Dwarf - Resilience requires you to dodge. Dodging in combat is rare as heck, imho. Grudge bearer has the same issues as Favored Enemy - what happens if you don't have a specific race that's everywhere? Even when the race appears, I'd say the benefits are worse than Human Determination; too unreliable. Squat nimbleness - +1 STR/DEX, walking speed +5, gain proficiency or expertise in Acrobatics or Athletics. Actually not bad. Extra movement is always good (prevents wasted turn) for melee types, and Athletics is a very solid skill to have in both combat and exploration. I can't think of a situation where this is going to be more than just good, though. Hardly powerful, let alone overpowered.

I could go on. Going by the UA, there's only a handful of feats that I think are really worthwhile. Even then, they're comparable to existing abilities, roughly equal, or just a slight touch weaker.

There's only one feat that I think is potentially "overpowered" and that's Elven Accuracy. Rerolling once when you have advantage is very strong.

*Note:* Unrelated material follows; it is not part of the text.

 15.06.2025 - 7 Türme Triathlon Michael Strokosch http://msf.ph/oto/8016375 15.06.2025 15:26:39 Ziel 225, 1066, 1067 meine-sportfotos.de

And that's assuming it survives as is.
Yeah, just stupidly powerful abilities to boost the handful of actually well designed races to further ensure that absolutely no one ever plays the ones that they created later.
I'm beginning to doubt we read the same material here. A good chunk of the core races are anything BUT well designed. Especially the poor dragonborn. They're terrible. Tieflings in the core aren't exactly shining exemplars either. Stout Halflings are pretty well laughed at. People consider non-variant humans to be a pretty bad design as well.

Humans, high/wood/half elves, dwarves, lightfoot halflings and gnomes are all solid. Everything pasts those?